• [Required action]:
In the data below, find the line containing "istock Glossy red", then set down that line and every later line up to and including the line containing "ONEFINITY Filigree Moonstone", exactly.

#### Dataset entries ####

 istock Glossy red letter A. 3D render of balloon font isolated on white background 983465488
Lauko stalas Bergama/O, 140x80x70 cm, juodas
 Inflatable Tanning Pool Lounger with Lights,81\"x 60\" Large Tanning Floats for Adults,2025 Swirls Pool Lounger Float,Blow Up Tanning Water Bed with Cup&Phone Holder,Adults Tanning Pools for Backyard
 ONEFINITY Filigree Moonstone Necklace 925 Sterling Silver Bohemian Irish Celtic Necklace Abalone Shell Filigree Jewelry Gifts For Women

####
#### Dataset entries ####

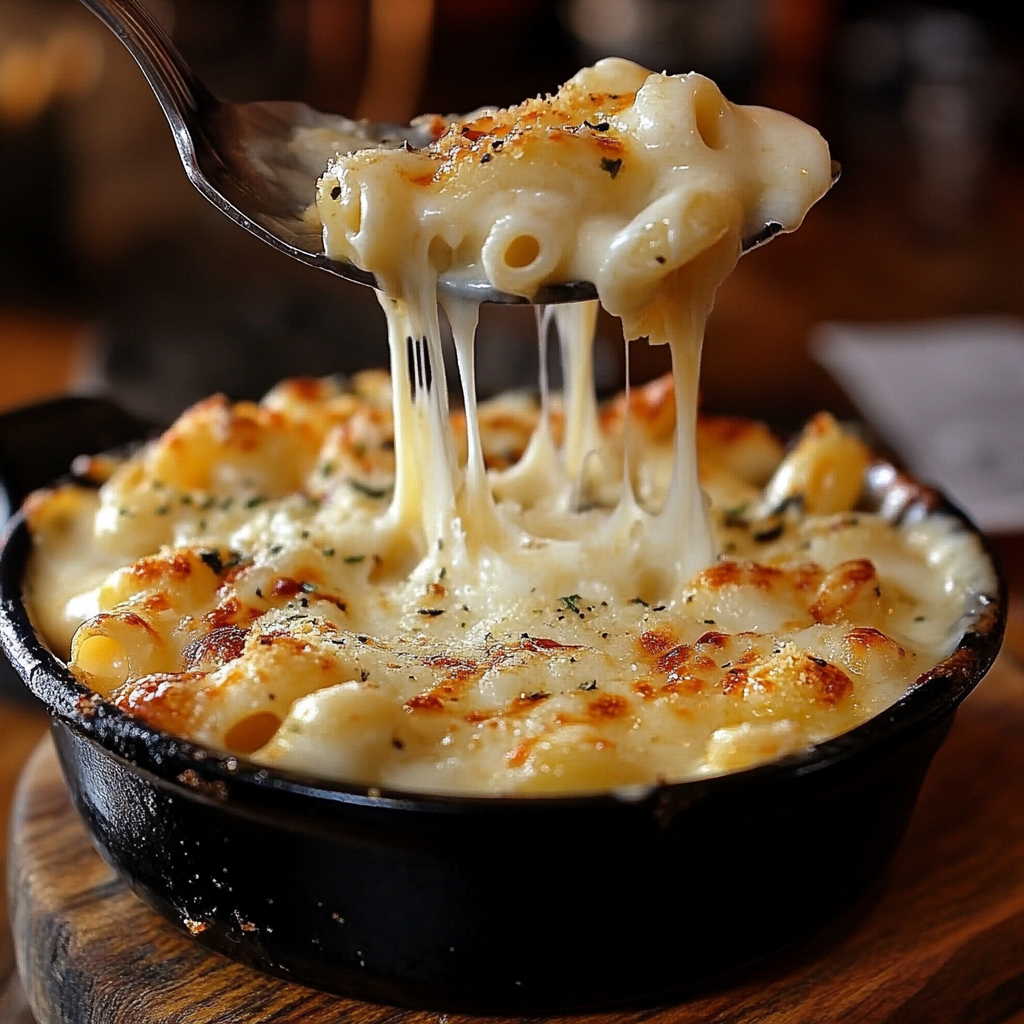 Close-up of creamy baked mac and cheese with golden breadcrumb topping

####

• [Reply]:
 istock Glossy red letter A. 3D render of balloon font isolated on white background 983465488
Lauko stalas Bergama/O, 140x80x70 cm, juodas
 Inflatable Tanning Pool Lounger with Lights,81\"x 60\" Large Tanning Floats for Adults,2025 Swirls Pool Lounger Float,Blow Up Tanning Water Bed with Cup&Phone Holder,Adults Tanning Pools for Backyard
 ONEFINITY Filigree Moonstone Necklace 925 Sterling Silver Bohemian Irish Celtic Necklace Abalone Shell Filigree Jewelry Gifts For Women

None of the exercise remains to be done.